• **Your objective**
Check each line of the material below for "blanc", then copy the ones that contain it.
►
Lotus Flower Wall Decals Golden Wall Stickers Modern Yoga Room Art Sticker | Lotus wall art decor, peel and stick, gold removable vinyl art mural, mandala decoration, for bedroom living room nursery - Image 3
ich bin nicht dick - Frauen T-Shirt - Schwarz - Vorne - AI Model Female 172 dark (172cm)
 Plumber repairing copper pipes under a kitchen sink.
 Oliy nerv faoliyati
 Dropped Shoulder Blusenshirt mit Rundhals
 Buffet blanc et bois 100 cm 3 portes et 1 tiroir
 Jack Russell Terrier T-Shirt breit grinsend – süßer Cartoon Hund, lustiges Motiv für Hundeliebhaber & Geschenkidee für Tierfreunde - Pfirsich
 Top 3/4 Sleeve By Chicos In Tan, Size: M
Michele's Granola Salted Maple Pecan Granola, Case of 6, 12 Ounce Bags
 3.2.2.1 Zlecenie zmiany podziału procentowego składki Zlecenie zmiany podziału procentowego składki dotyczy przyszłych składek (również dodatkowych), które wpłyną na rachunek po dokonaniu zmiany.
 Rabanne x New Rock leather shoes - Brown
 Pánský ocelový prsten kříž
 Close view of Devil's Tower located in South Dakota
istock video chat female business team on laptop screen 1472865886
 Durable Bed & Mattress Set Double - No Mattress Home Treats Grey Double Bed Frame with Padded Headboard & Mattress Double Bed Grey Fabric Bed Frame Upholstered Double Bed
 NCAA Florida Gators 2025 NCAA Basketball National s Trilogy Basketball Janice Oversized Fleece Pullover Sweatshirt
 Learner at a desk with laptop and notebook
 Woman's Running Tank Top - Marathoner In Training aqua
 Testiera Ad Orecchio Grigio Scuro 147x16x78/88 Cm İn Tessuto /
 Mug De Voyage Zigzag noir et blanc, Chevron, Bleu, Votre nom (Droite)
◄
• **Answer box**
 Buffet blanc et bois 100 cm 3 portes et 1 tiroir
 Mug De Voyage Zigzag noir et blanc, Chevron, Bleu, Votre nom (Droite)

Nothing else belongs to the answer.